*** Opening of EXERCISE DATA ***

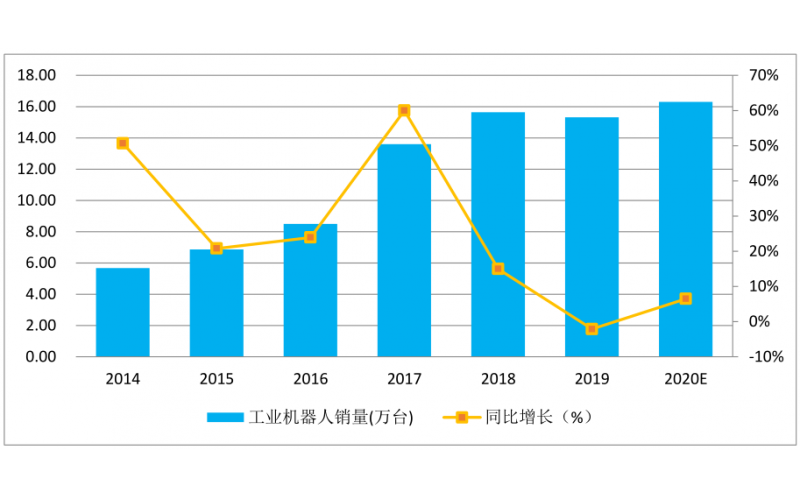 疫情過后智能制造行業(yè)有什么影響，如何化危機(jī)為機(jī)遇？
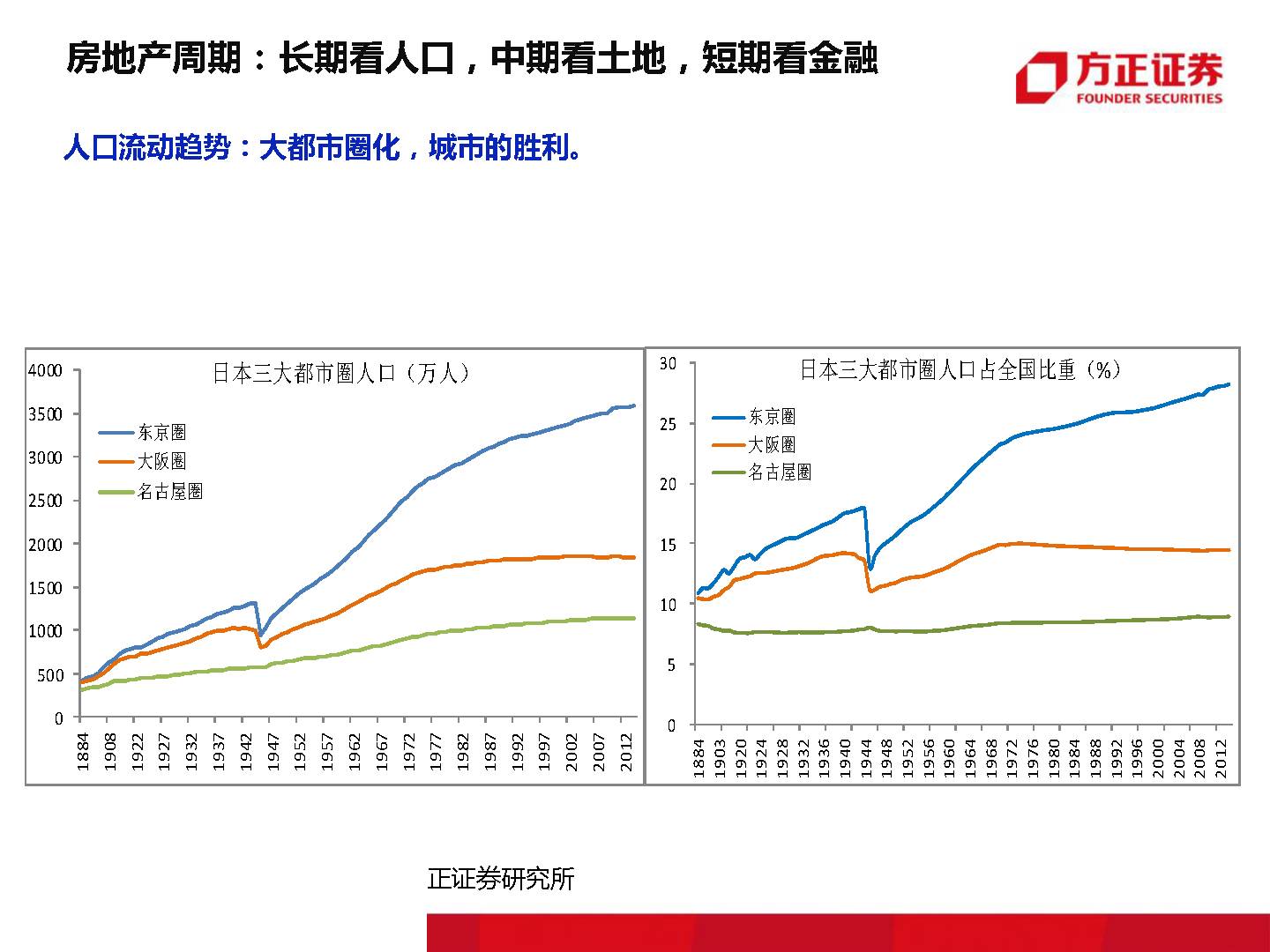 终有一天,房子会不再是压在我们身上的大山!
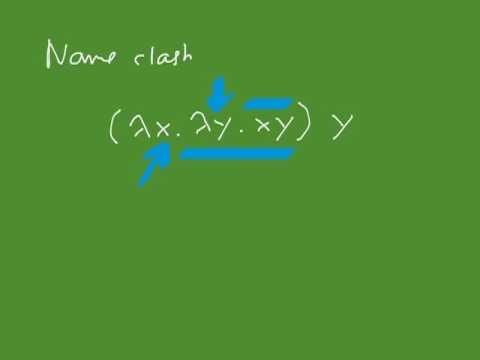 The Lambda Calculus, part 1 1   Syntax and semantics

*** Close of EXERCISE DATA ***

# WHAT YOU SHOULD DO
All of the material should be reproduced exactly, apart from the pictures.

# TASK RESULT
 疫情過后智能制造行業(yè)有什么影響，如何化危機(jī)為機(jī)遇？
 终有一天,房子会不再是压在我们身上的大山!
 The Lambda Calculus, part 1 1   Syntax and semantics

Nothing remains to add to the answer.